## Records for the task
○ ○ ○ ○
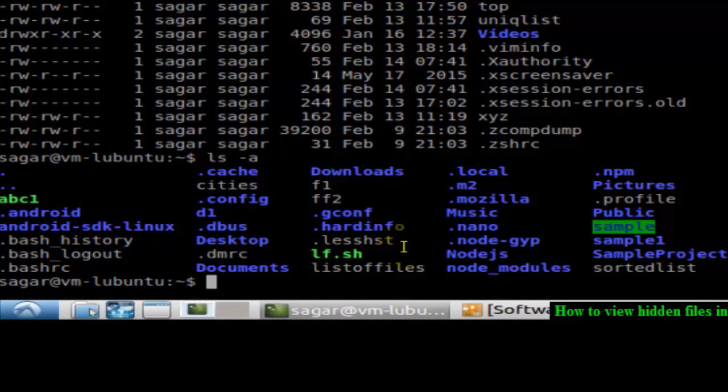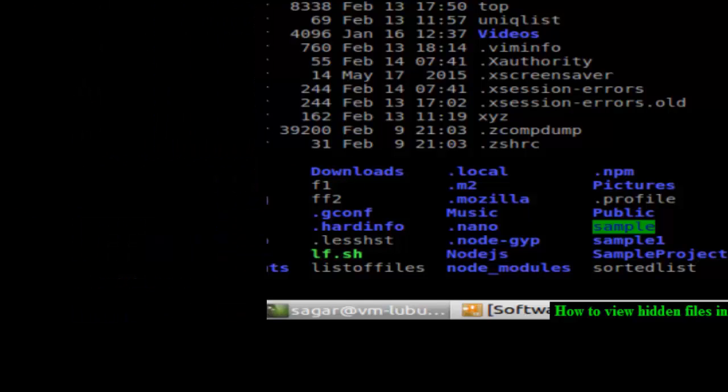Just remember this switch -a to view hidden files in Linux. If you like this video, hit the like button.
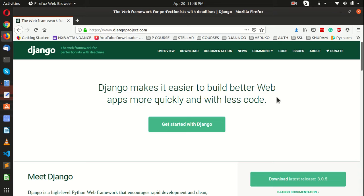We are going to start a program in which we are going to build some Django apps. Right now we are going to start from a basic Python Django structure, and after that we will make a small log app.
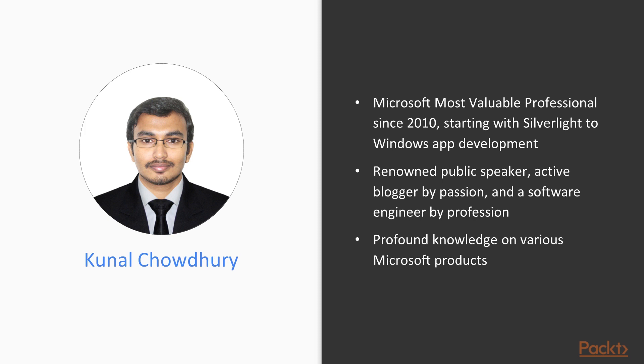He is also a renowned public speaker, active blogger by passion, and a software engineer by profession. Over the years, he has acquired profound knowledge on various Microsoft products and helped developers throughout the world with his deep knowledge and experience.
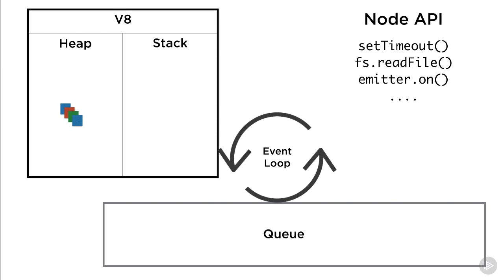Both the stack and the heap are part of the runtime engine, not Node itself. Node adds APIs like timers, emitters, and wrappers around OS operations. It also provides the event queue and the event loop using the libuv library.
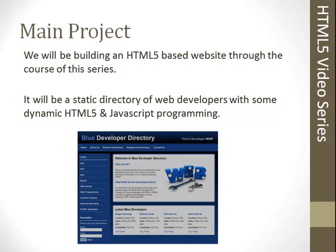In each chapter and section you'll have some program files. Our main project is going to be called the Blue Developer Directory, which is a static website with some dynamic HTML5 components. We'll start by building a table for the site, then build the contact form as we learn about forms, and in chapter two we'll start putting it all together and build the home page.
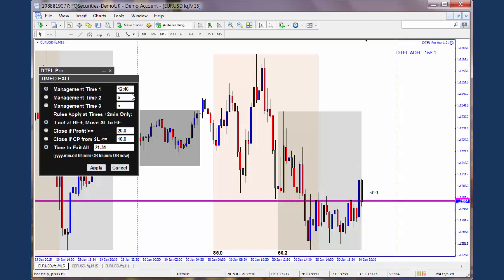So at 12:46 — and for the following two minutes — so it's actually at a specific time of 12:46, the EA will start looking to apply the actions I've set below here, and it will continue to try and apply them for the following two minutes, so from 12:46 until 12:48.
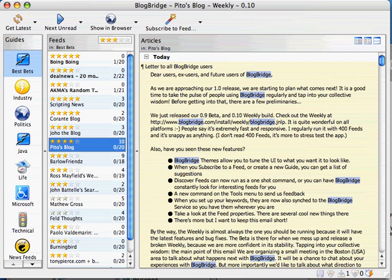Hi, this is Pete Osalis with the first BlogBridge screencast. I'm going to try this as a little experiment to see if this is a useful way to introduce people to interesting features of the app.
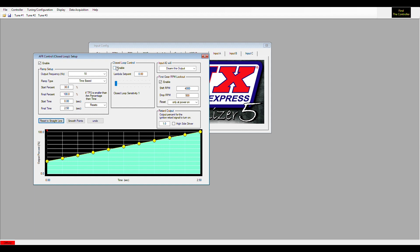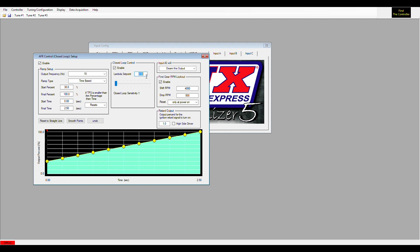Enable your closed loop control, and you can set your lambda setpoint to whatever lambda you want it to be. A lot of people will run these—I've seen guys run them lean, I've seen them run them rich—but this is totally user adjustable. Whatever lambda setpoint you want it to achieve, it's going to try to achieve. This example will try to achieve 12.5 to 1 air fuel ratio.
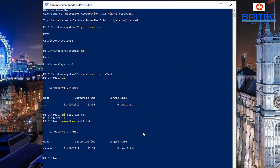So now we've got the location, set the location, viewed files inside directories, and created a new item. Now we're going to remove an item using the remove command. Type 'Remove-Item' and then the name of the item you want to remove — in this case 'test2.txt' — and that will remove that item from the directory.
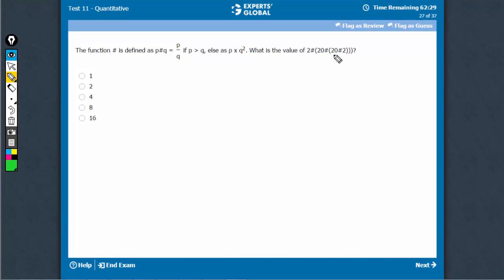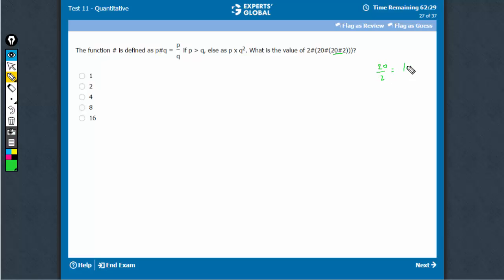So, P hash Q, here P is greater than Q. Therefore, this relationship gives 20 upon 2, which is 10.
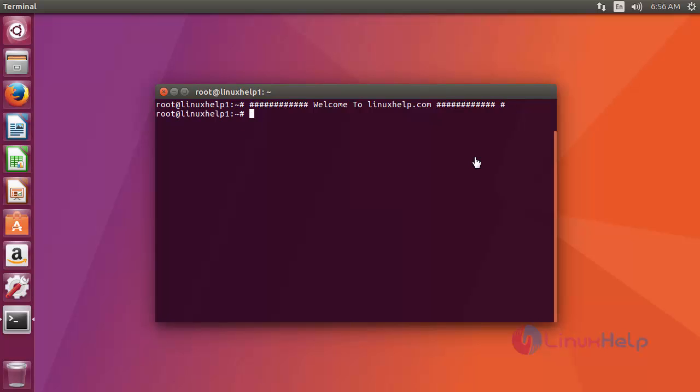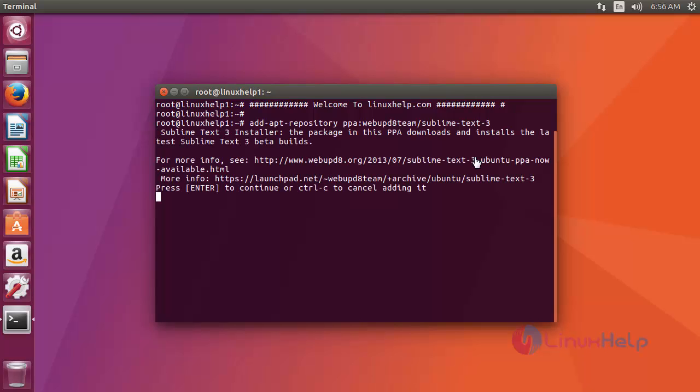Now I am going to show how to install it. First we need to add the repo by using add-apt-repository command like this. Type the command after the presenter. Now it asks for confirmation. Just press enter to add the repo.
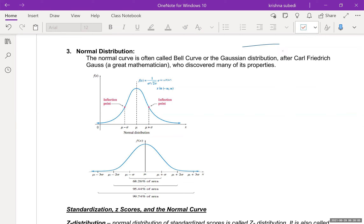In our previous lesson we talked about two special kinds of distribution: uniform distribution and exponential distribution. This is the third kind — normal distribution. The normal curve is often called the bell curve, and sometimes called Gaussian distribution, after Carl Friedrich Gauss, a great mathematician who came up with many properties of this normal distribution.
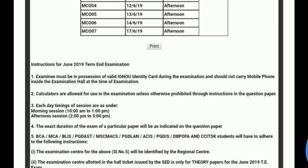There are some important points I will tell you. The first point is: the examinee must be in possession of a valid IGNU ID Card during the examination and should not carry a mobile phone inside the examination hall. In simple terms, you have to carry your IGNU ID Card along with the Admit Card. Without the IGNU ID Card, you will not be allowed into the exam.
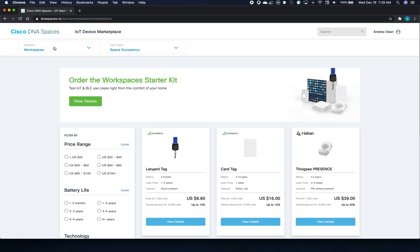If you're still considering which kit to purchase, I recommend the Workspaces Kit as it contains asset tags, ID card tags, beacons, and PIR sensors.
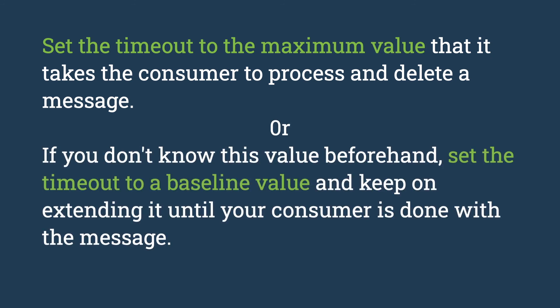If you don't know this value beforehand, set the timeout to a baseline value and keep on extending it until your consumer is done with the message.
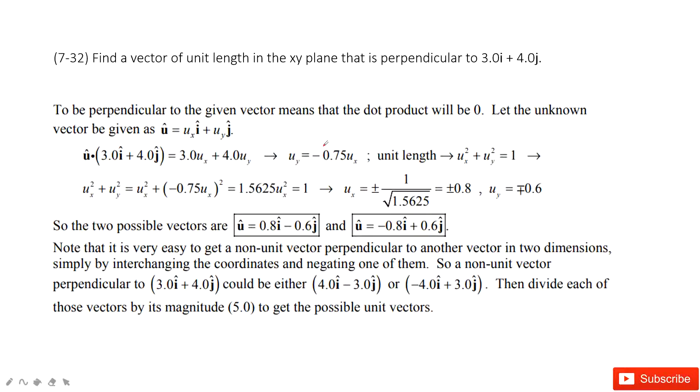Welcome to my channel. I'm Zhang Jingshu. Let's look at problem 32 in chapter 7. This chapter is about work and energy.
○ ○ ○ ○
## Requirement
Exact reproduction is required. Output only the lines from the one with "If you don't" through the end of the listing above, both ends included, and no pictures.

## Finished task
If you don't know this value beforehand, set the timeout to a baseline value and keep on extending it until your consumer is done with the message.
Welcome to my channel. I'm Zhang Jingshu. Let's look at problem 32 in chapter 7. This chapter is about work and energy.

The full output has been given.